A key town on the Silk Road

I still remember when the Silk Road was mentioned in my secondary school class, the teacher introduced a series of countries: Kazakhstan, Kyrgyzstan, Uzbekistan, Iran, Turkey, etc. At that time, I already had a keen interest in history, so I was looking forward to visiting these countries one day and seeing for myself the sights and sounds that were shown in the books. A couple years ago, when I was a tour escort, I had the honour to lead a tour to Central Asia, which also gave me the opportunity to visit Samarkand, the old capital of Uzbekistan and the oldest city in Central Asia.

At that time, I was responsible for giving lectures and introducing the sightseeing spots, so I naturally had to make a lot of preparations before the trip. What impressed me the most during my revision was that all the names of the places and people were extremely complicated and hard to remember. The reason is that these names are mainly translated from Turkic or other foreign languages, such as Samarkand, which means "fertile, rich land". On the ancient Silk Road, Samarkand was connected to three empires - Persia, India and China - and was considered a "crossroads of civilisation". The Sultans (ancient inhabitants of Samarkand) made use of this geographical advantage and acted as a middleman in the trade between China and the West for a long time, which made the place prosperous for a while.

 

"If the Dome of the Sky were to disappear, this dome would take its place." A simple sentence expresses the magnificence of the dome of the mosque.

 

One of the most breathtaking sights for me was the Bibi-Khanym Mosque, pictured at the top of the page. Although I've been to countless mosques - Brunei, Malaysia, Dubai, Saudi Arabia, etc. - the Blue Mosque is the one that impressed me the most, and I still marvel at it to this day. From the exterior walls to the interior, every brick and tile is carved to perfection, and the colours are more vivid than other mosques, making it an unforgettable sight. The romantic love story behind it is also the reason why I think it is unique. At that time, Timur the Great, who was very brave and good at fighting, ordered the construction of the largest mosque in the Eastern world, so that the names of him and his wife could be passed down through the ages, and thus it is also called the "Taj Mahal of Uzbekistan". In a patriarchal Islamic country, women are rarely seen in such a position. Is this another example of how "behind a successful man is a woman who supports him"?

 

Tea is the daily beverage of the local people and reflects the influence of Chinese culture on the local community.

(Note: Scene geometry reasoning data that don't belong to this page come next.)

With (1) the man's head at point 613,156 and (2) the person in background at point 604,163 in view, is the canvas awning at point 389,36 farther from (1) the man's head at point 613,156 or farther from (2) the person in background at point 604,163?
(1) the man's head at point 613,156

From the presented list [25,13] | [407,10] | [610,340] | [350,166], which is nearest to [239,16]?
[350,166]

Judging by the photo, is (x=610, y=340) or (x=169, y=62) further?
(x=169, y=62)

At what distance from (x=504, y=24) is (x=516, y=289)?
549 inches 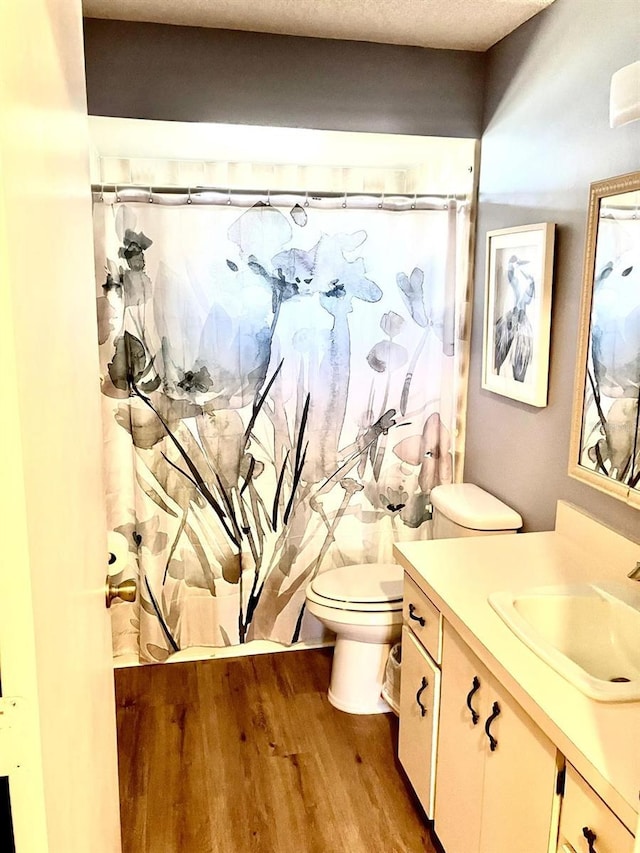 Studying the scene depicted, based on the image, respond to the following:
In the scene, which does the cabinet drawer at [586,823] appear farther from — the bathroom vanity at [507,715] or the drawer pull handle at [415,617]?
the drawer pull handle at [415,617]

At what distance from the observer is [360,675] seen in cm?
264

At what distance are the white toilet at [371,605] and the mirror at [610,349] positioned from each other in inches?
18.7

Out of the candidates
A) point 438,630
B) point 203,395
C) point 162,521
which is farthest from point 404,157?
point 438,630

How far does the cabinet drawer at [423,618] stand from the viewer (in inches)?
74.9

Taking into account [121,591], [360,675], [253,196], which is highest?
[253,196]

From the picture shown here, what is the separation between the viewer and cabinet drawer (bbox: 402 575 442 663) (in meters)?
1.90

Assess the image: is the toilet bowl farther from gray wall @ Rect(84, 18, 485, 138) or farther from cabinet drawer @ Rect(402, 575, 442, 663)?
gray wall @ Rect(84, 18, 485, 138)

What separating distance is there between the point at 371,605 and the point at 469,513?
0.48 m

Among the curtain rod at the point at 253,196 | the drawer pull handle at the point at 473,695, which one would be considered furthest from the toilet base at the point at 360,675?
the curtain rod at the point at 253,196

Another reason why I enjoy travelling in Uzbekistan is that the taste of food is close to that of Hong Kong. For example, tea is the favourite beverage, and wonton and grilled chicken are the daily food. Uzbekistan can be regarded as one of the top "food paradises" when travelling in the Middle East and Central Asia in the past. Eating is the most important of the four elements of travelling, and it is naturally a great pleasure to taste the flavours of one's home country when one is away from home.

 

As always, the article will contain some travelling tips, and this time is no exception. If you are travelling to Uzbekistan, you need to be extremely careful when exchanging money. When travelling to Uzbekistan, I recommend taking US dollars with you, but most restaurants and shops don't accept US dollars, so you will need to exchange your money into the local currency. If you are travelling in a tour group, your tourist guide will help you to exchange your money, so you don't have to worry about it. If you are travelling on your own, you are advised to go to a bank to exchange your money, instead of going to a general exchange shop, because inflation is very serious in the country, and you can easily be cheated because of the many numbers on the banknotes, which can easily lead you to exchange into millions of dollars.

 

All in all, Uzbekistan is still a low-cost country where the cost of travelling is not particularly high, and it has a rich historical and cultural heritage that is like a history book that is worth chewing on.